İktidar döneminde yaşanan skandallar Johnson'a güveni sarsmış olsa da nabız yoklamaları Muhafazakar Parti üyeleri ve tabanı arasında önemli bir kesimin İngiliz siyasetçiyi başbakanlık koltuğundan indiren, bir kabine darbesini andıran süreci onaylamadığını gösteriyor.
Johnson'ı koltuğundan eden süreçte rolü olan bazı milletvekillerinin bile Truss ve Sunak gibi karizmadan yoksun alternatifler karşısında, partiye son 40 yılın en büyük seçim başarısını getirmiş siyasetçiyi şimdiden özlediği konuşuluyor.

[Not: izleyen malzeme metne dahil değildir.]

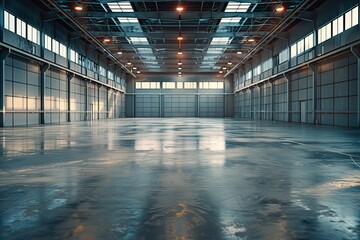 Spacious minimalist industrial warehouse interior with large windows and illuminated ceiling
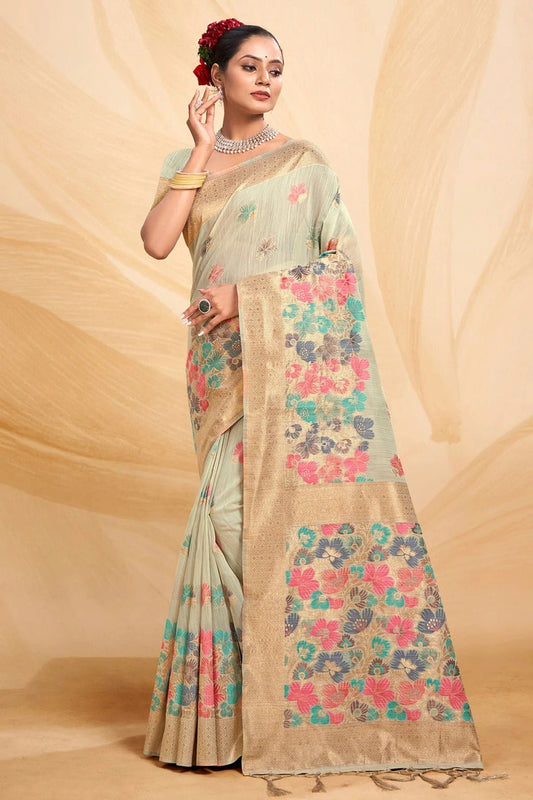 Pista Green Colour Woven Work Cotton Saree SD1101669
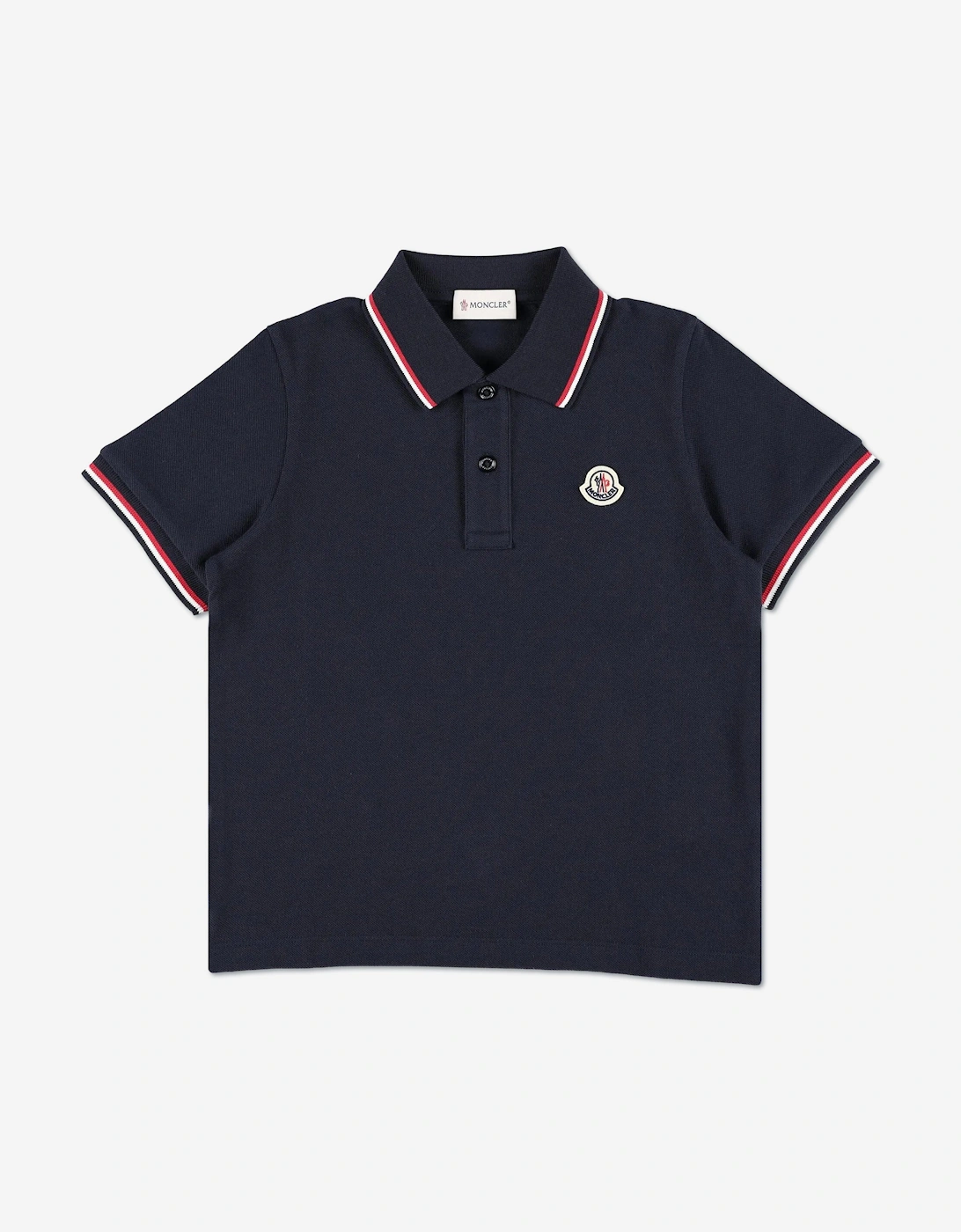 Boy's Moncler Enfant Boys Logo Polo Shirt in Navy - Blue - Size: 10 years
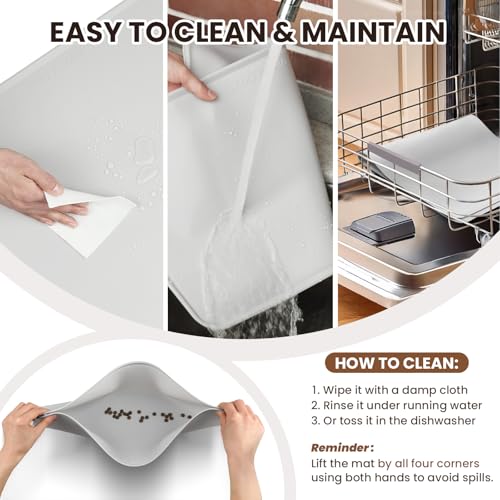 VIVAGLORY Pet Food Mat Flexmat Dog Bowl Mat, S, Ivory | Non Slip Silicone for Pet Kitten & Doggy, Placemat with Lip for Floor - color: Ivory, size: S (18.9 x 11.8in)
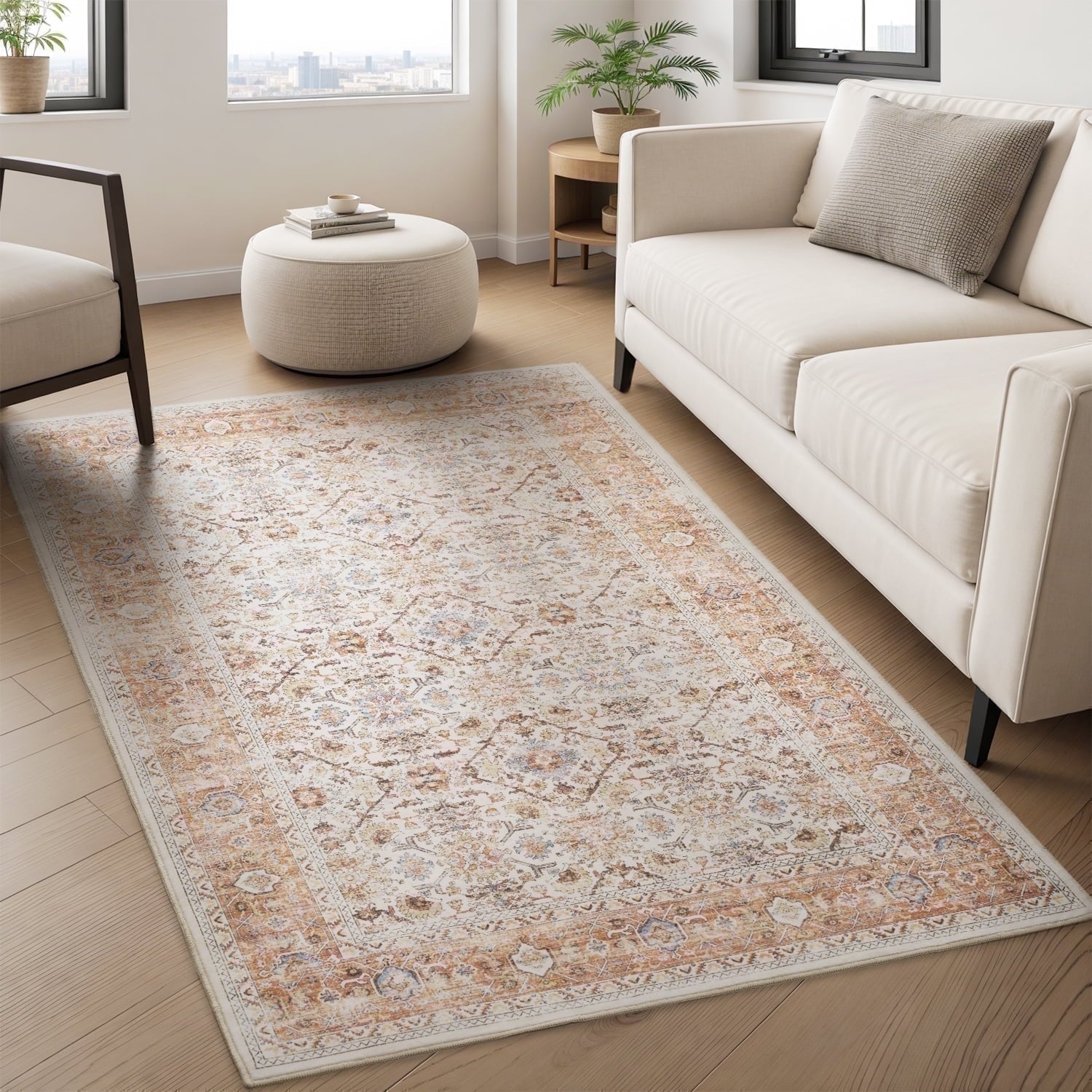Ombre Vintage Floral Living Room Rug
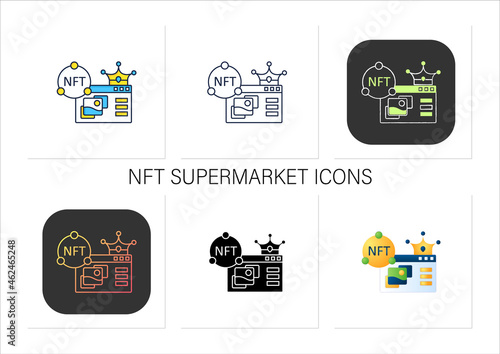NFT supermarket icons set.Ability to buy non fungible tokens. Assets exist in their own cryptosystems.Collection of icons in linear, filled, color styles.Isolated vector illustrations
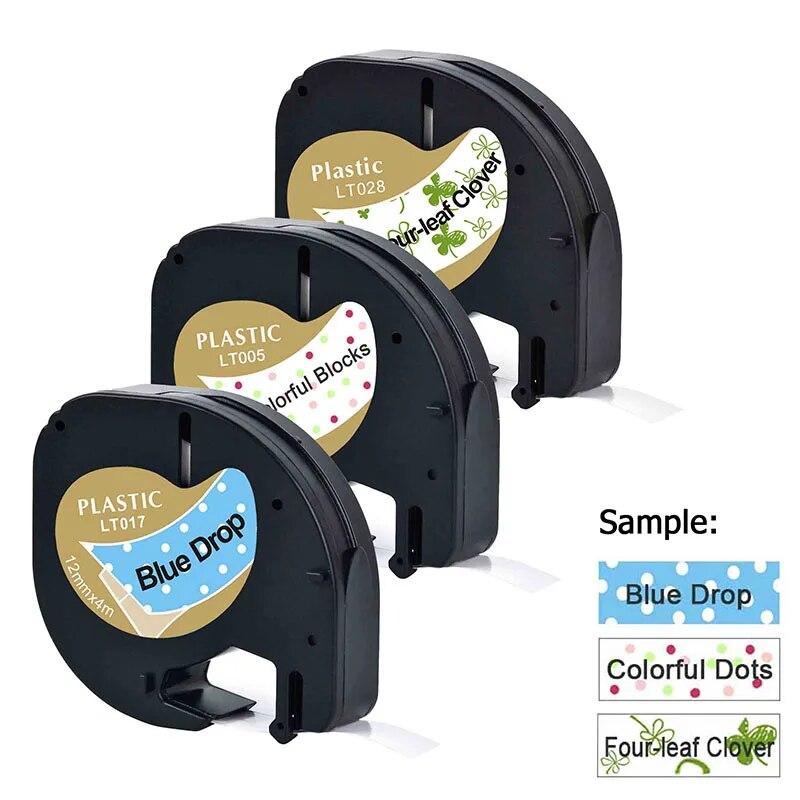 3stk 91201 91331 12267 etiketttape plast og papir kompatibel for LT-100H dymo etikettskriver 12mm dymo letratag 18769 91200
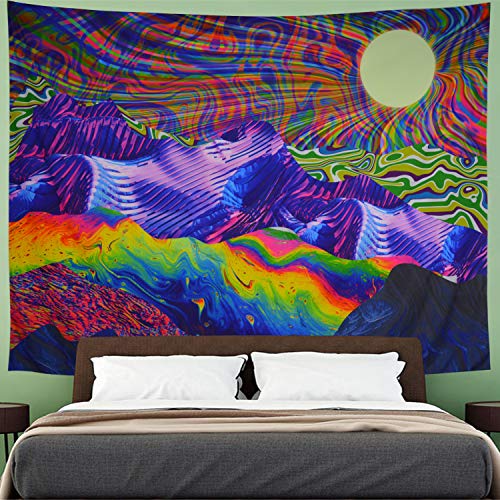 Trippy Psychedelic Tapestry Mountain & Sun Colorful Sunrise Landscape Wall Decor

Johnson'ın parlamentodaki son konuşmasını "Yeniden görüşmek üzere" sözleriyle bitirmesi kendisinin de böyle bir dönüşü hayal ettiği şeklinde yorumlanıyor.
Brexit faturası
Johnson hükümetinin tarihe geçen başarısı ülkeyi 2016'da yapılan referandumla alınan Avrupa Birliğinden (AB) ayrılma (Brexit) kararını, 2020 başında hayata geçirmek oldu. Ancak bu "başarının" bir ekonomik maliyeti var. OECD verilerine göre Brexit referandumundan bu yana geçen sürede Avrupa Birliği'nde kişi başına gelir yüzde 8,5 artarken, İngiltere'de artış yüzde 3,5'te kaldı. Referandumu takiben 200 binden fazla AB vatandaşı İngiltere'deki işlerini bırakarak ülkelerine geri dönerken, yeni göçün de önü kesilmişti. Bu durum başta sağlık ve ağırlama sektörü olmak üzere İngiliz ekonomisinde iş gücü açığına yol açtı.
Salgınla mücadele İngiliz maliyesinin borç yükünü 300 milyar sterlinin üzerinde artırdı. Tedarik zincirlerindeki aksama enflasyonu körükledi. Salgından çıkışta İngiltere'nin ekonomik performansı ile AB ülkelerininki arasında da ilkinin aleyhine bariz bir fark oluştu.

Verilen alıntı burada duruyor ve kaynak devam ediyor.